PROBLEM DETAILS ▸ In the listing, locate the line containing "Acrodon bellidiflorus", then quote it and all following lines exactly. Omit pictures.

Start of GIVEN MATERIAL

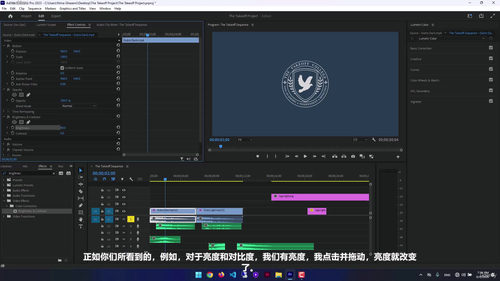 Adobe Premiere Pro从入门到精通 (英文课程中文字幕)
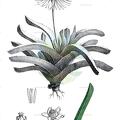 Acrodon bellidiflorus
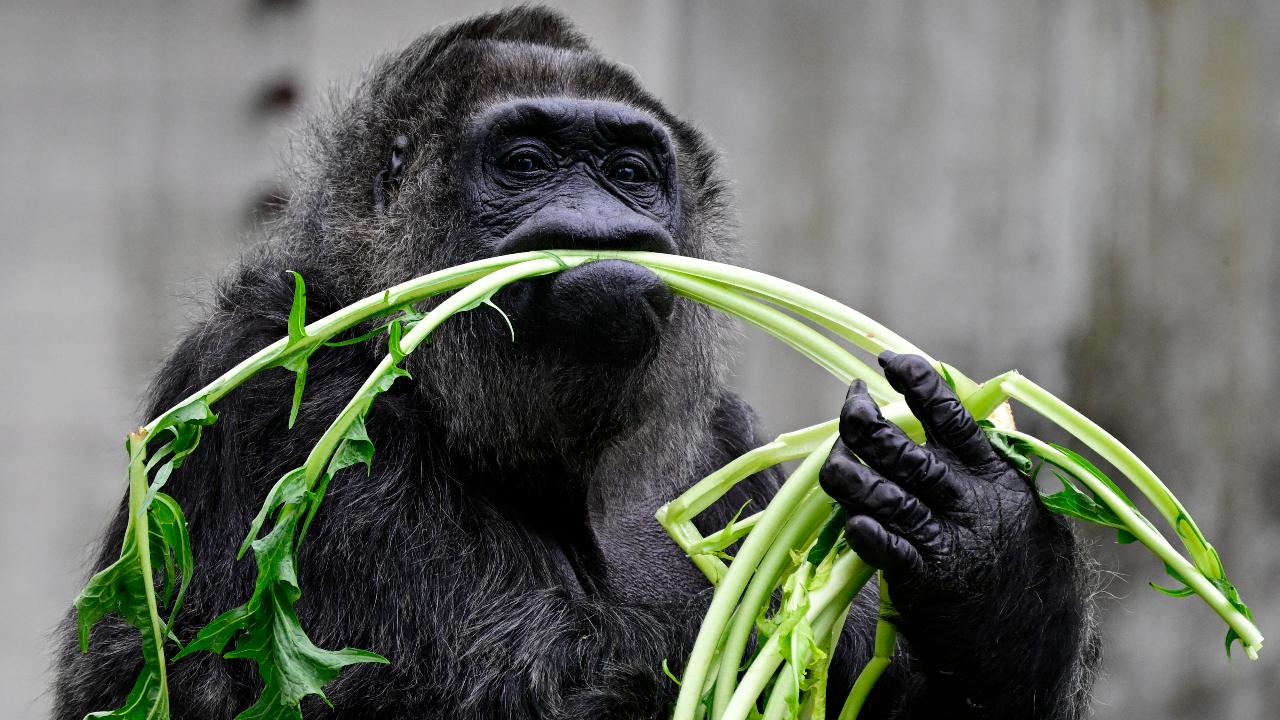 Fatou is known to live separately in her private enclosure, and away from the other gorilla. In picture, Fatou enjoys treats during her 67th birthday celebration in 2024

End of GIVEN MATERIAL

RESULT ▸
 Acrodon bellidiflorus
 Fatou is known to live separately in her private enclosure, and away from the other gorilla. In picture, Fatou enjoys treats during her 67th birthday celebration in 2024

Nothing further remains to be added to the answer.